From the first line down to the one containing "Cosmic Led is", reproduce the entries below exactly and leave out the pictures.

Pictures with short captions:
--
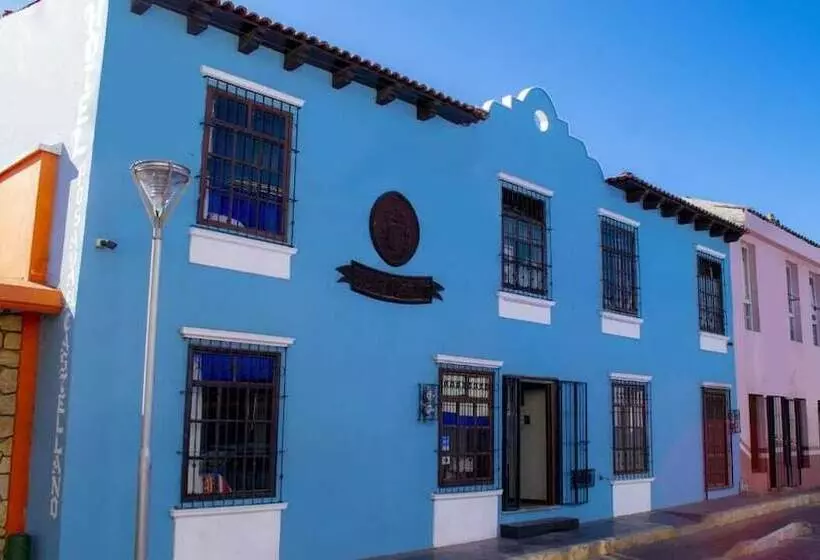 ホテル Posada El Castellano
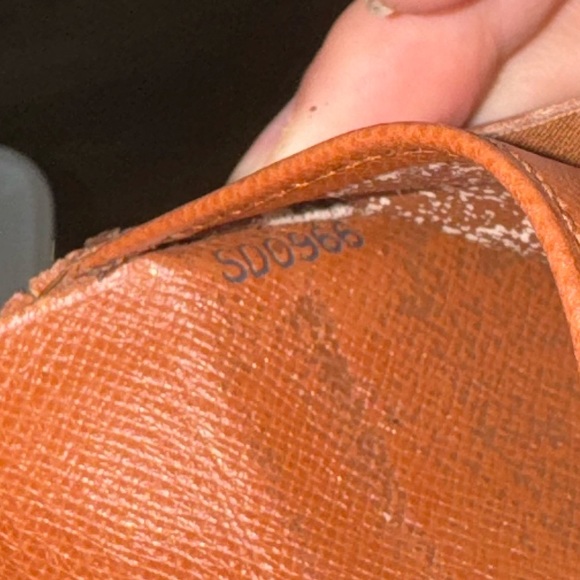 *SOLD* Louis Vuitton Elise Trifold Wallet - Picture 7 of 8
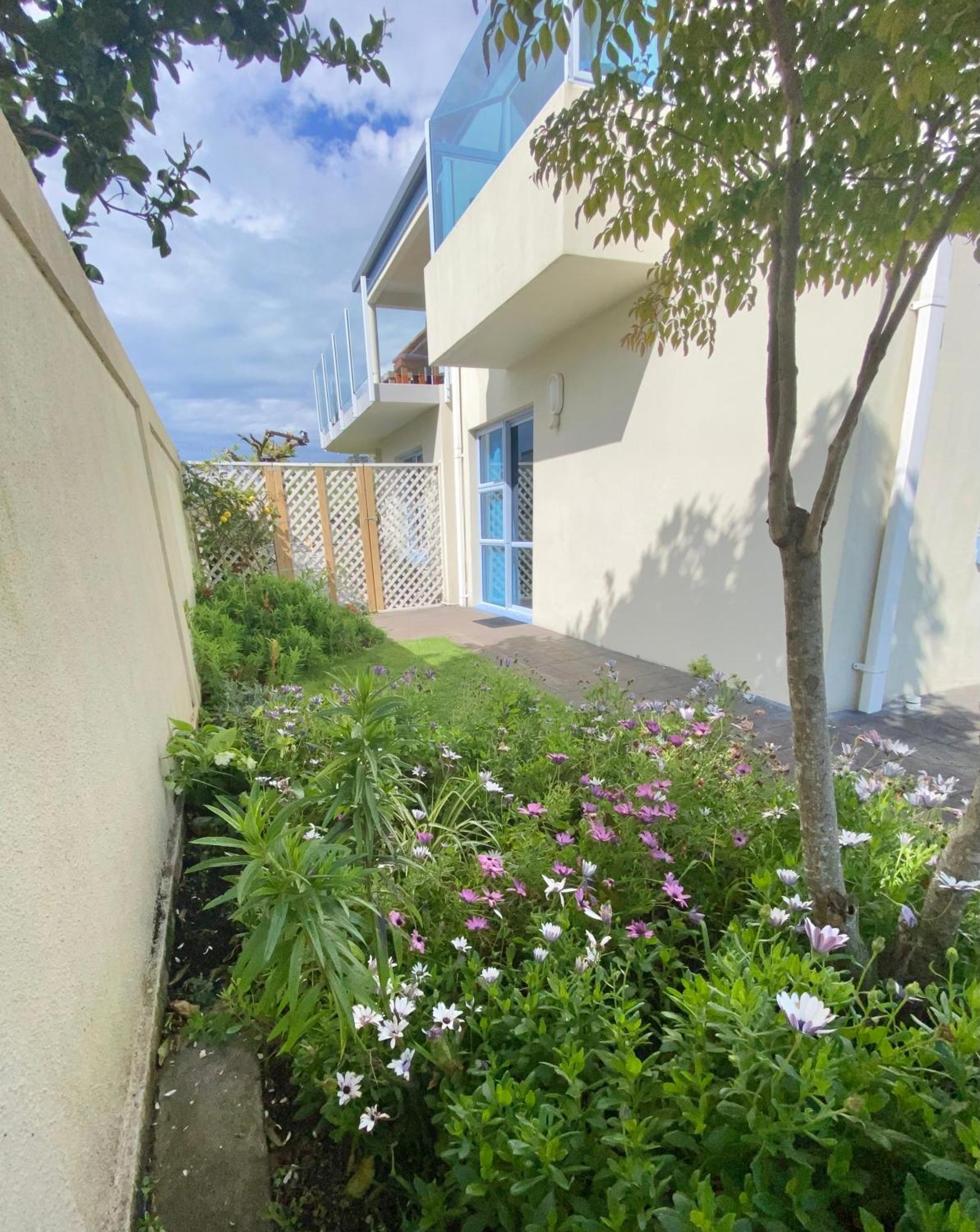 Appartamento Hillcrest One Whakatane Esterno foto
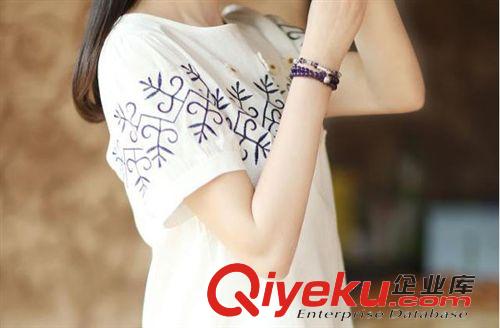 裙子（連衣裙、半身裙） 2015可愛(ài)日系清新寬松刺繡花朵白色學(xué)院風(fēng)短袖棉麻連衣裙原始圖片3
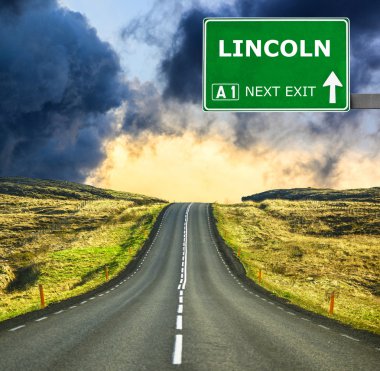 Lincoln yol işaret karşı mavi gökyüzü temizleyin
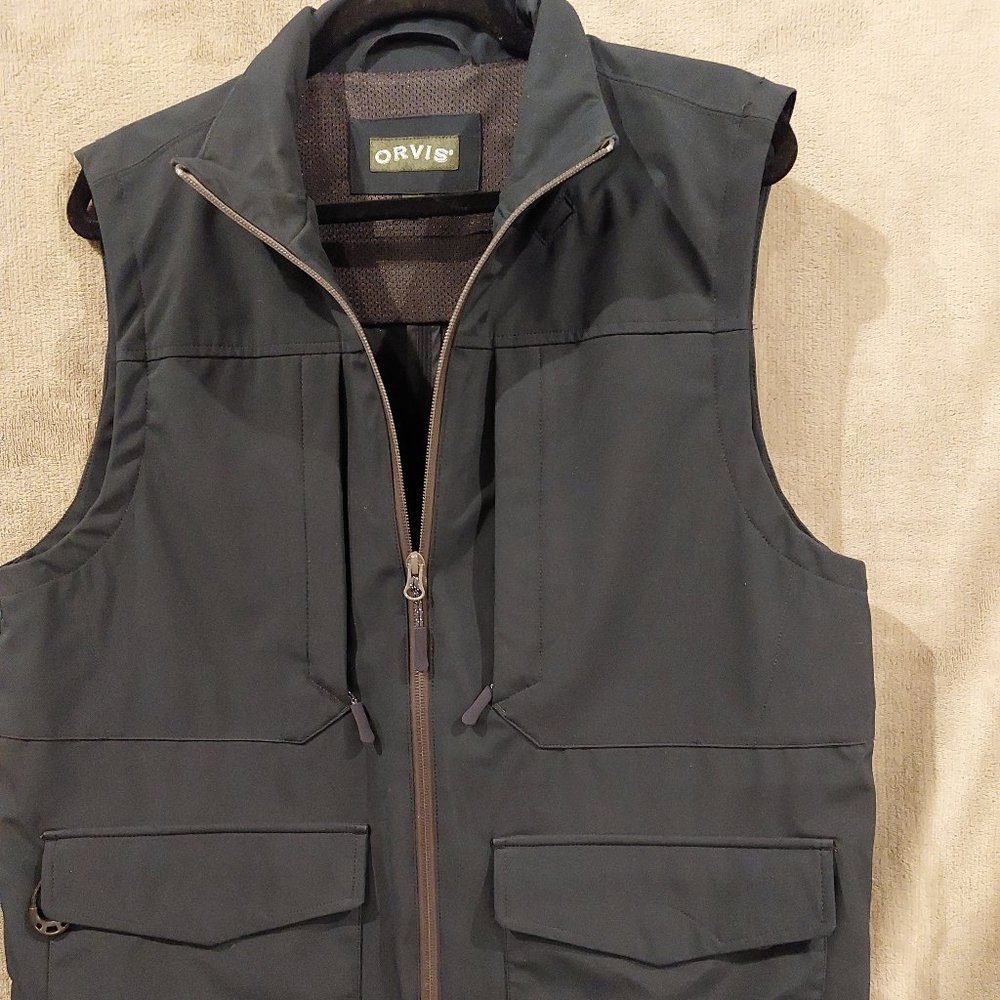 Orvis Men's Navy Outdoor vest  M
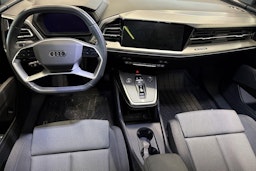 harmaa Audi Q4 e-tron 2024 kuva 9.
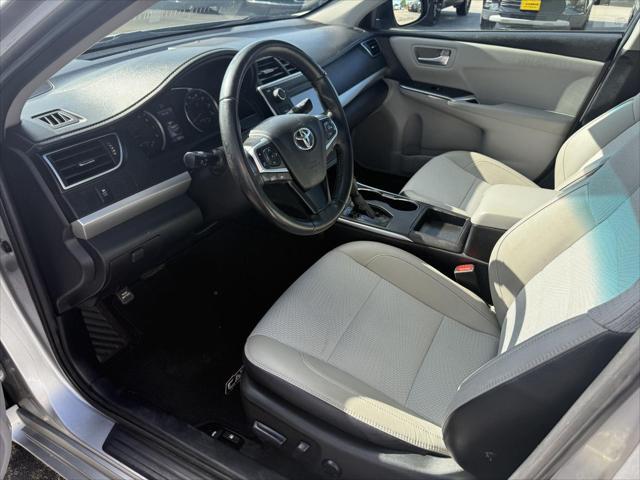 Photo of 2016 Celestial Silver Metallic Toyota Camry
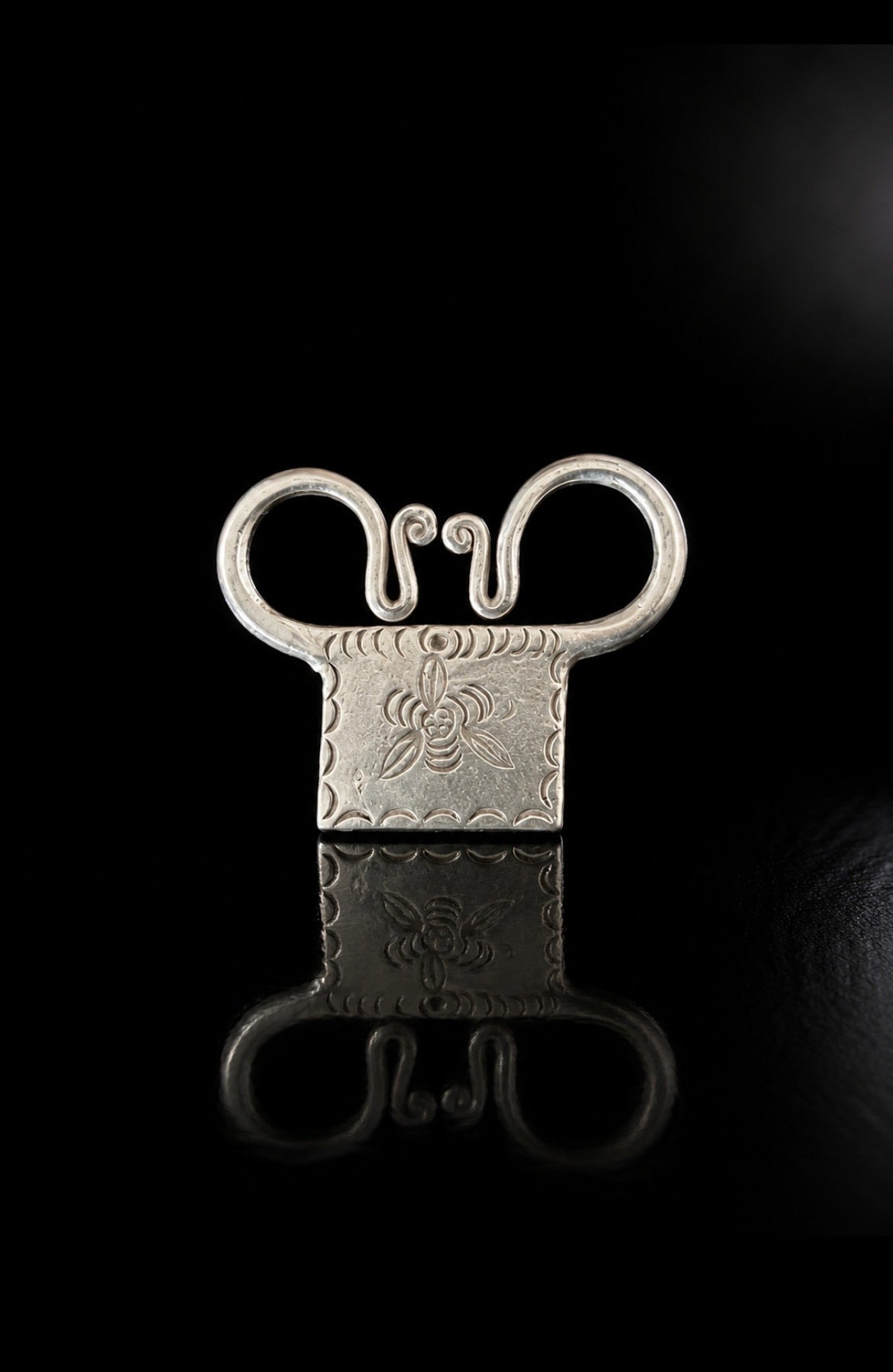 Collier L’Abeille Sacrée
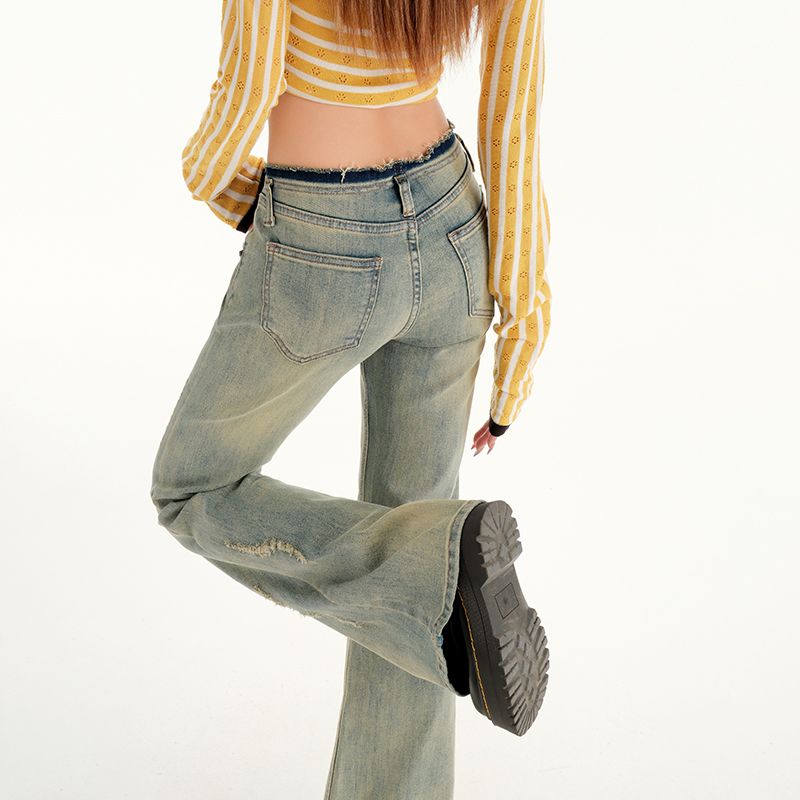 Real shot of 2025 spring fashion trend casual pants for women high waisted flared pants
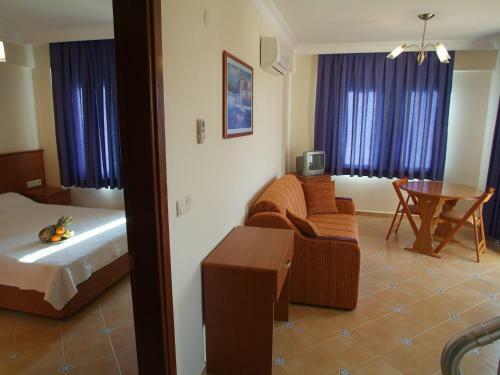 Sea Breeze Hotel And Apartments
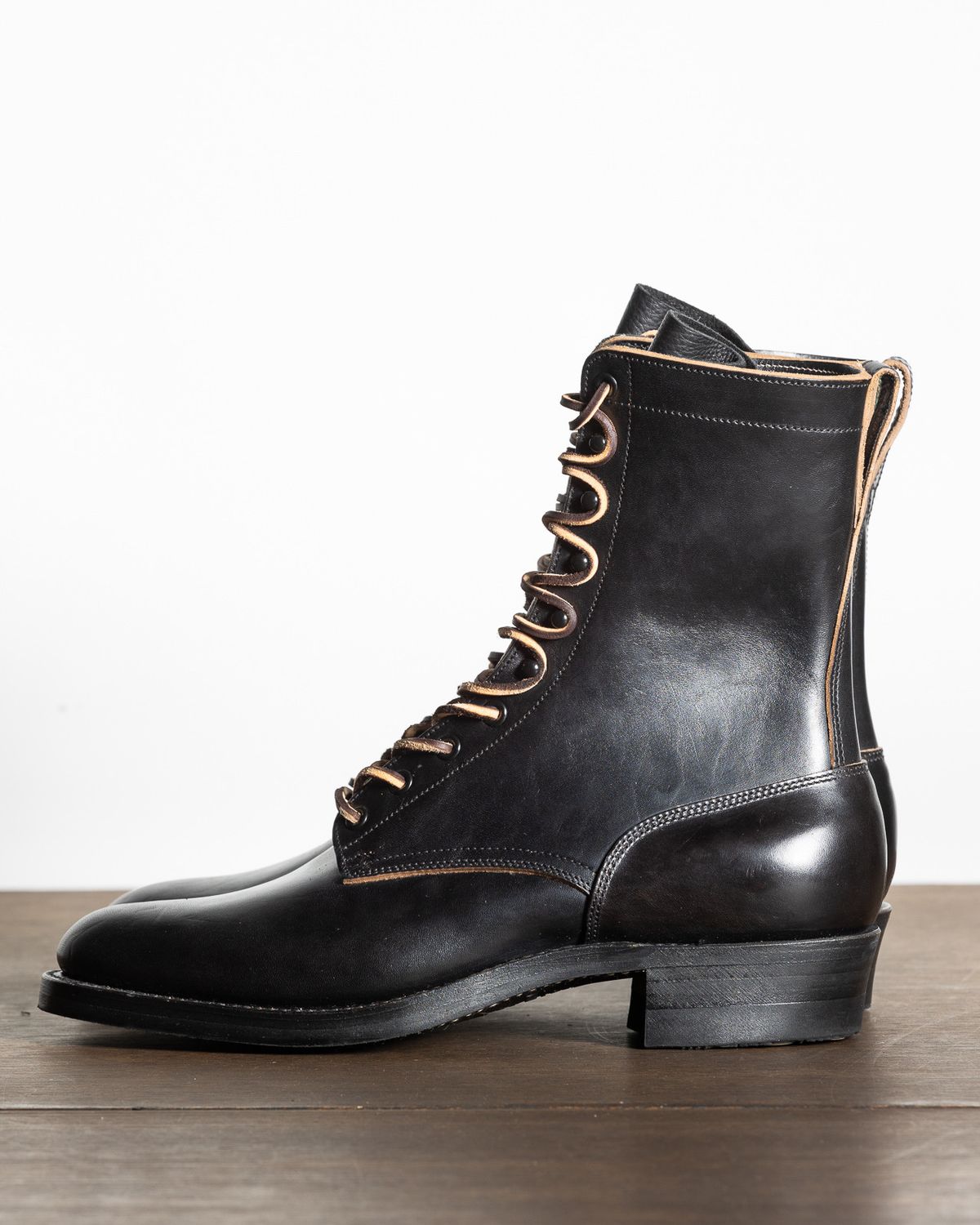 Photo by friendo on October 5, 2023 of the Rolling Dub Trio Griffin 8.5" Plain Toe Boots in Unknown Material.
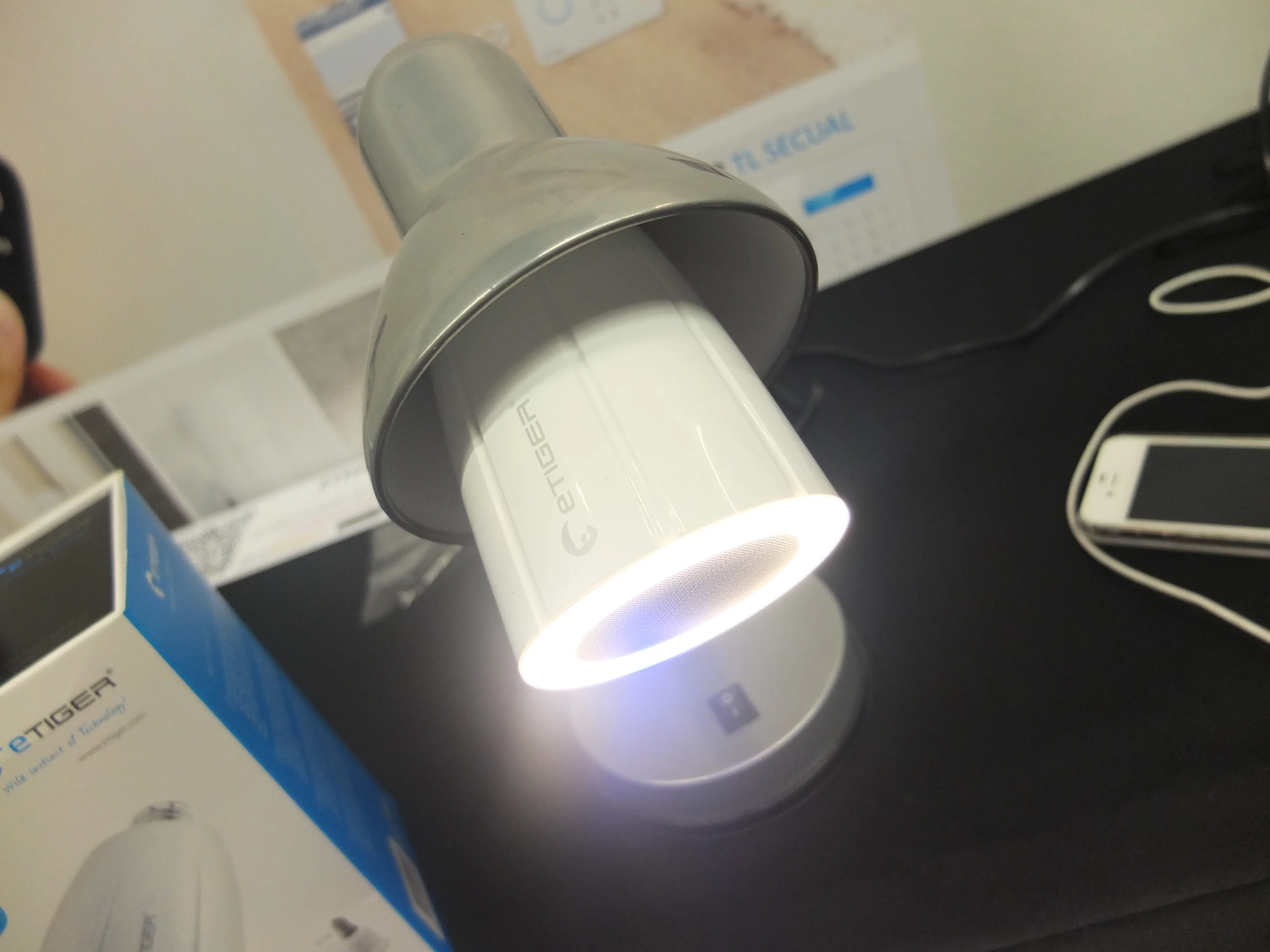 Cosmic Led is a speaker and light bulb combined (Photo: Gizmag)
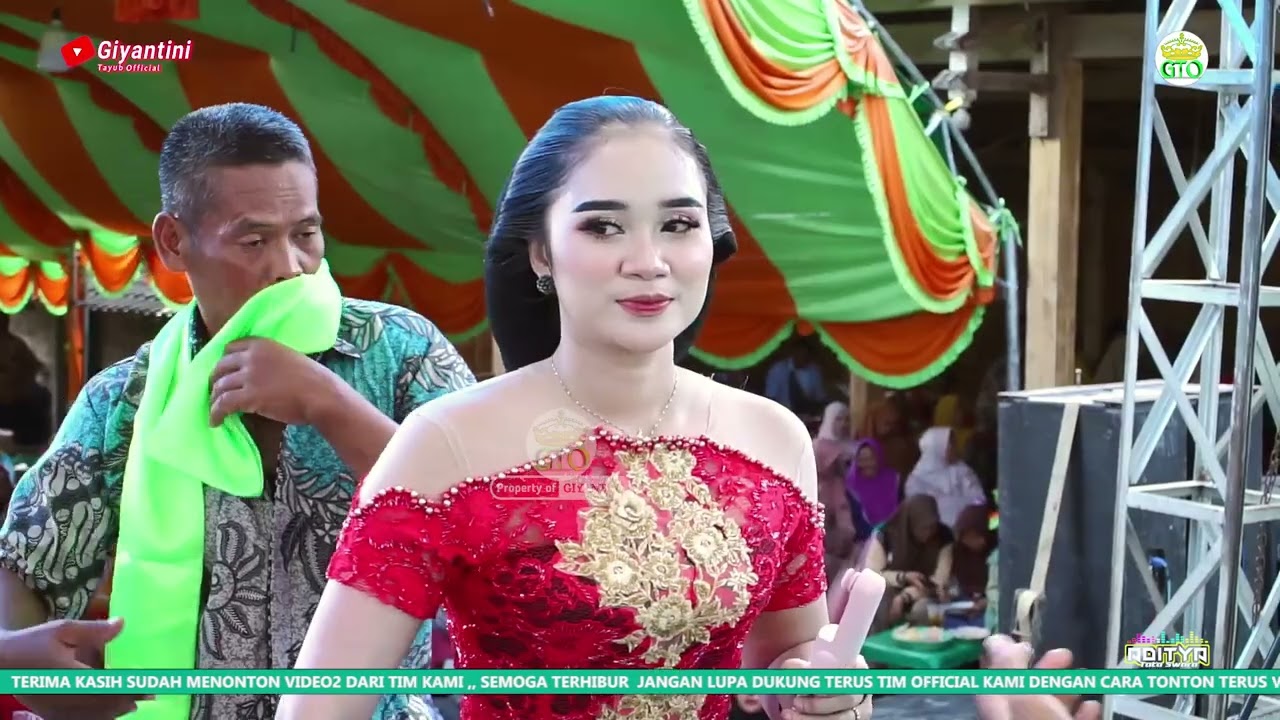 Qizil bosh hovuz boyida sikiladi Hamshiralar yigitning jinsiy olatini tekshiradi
--
Answer area:
 ホテル Posada El Castellano
 *SOLD* Louis Vuitton Elise Trifold Wallet - Picture 7 of 8
 Appartamento Hillcrest One Whakatane Esterno foto
 裙子（連衣裙、半身裙） 2015可愛(ài)日系清新寬松刺繡花朵白色學(xué)院風(fēng)短袖棉麻連衣裙原始圖片3
 Lincoln yol işaret karşı mavi gökyüzü temizleyin
 Orvis Men's Navy Outdoor vest  M
 harmaa Audi Q4 e-tron 2024 kuva 9.
 Photo of 2016 Celestial Silver Metallic Toyota Camry
 Collier L’Abeille Sacrée
 Real shot of 2025 spring fashion trend casual pants for women high waisted flared pants
 Sea Breeze Hotel And Apartments
 Photo by friendo on October 5, 2023 of the Rolling Dub Trio Griffin 8.5" Plain Toe Boots in Unknown Material.
 Cosmic Led is a speaker and light bulb combined (Photo: Gizmag)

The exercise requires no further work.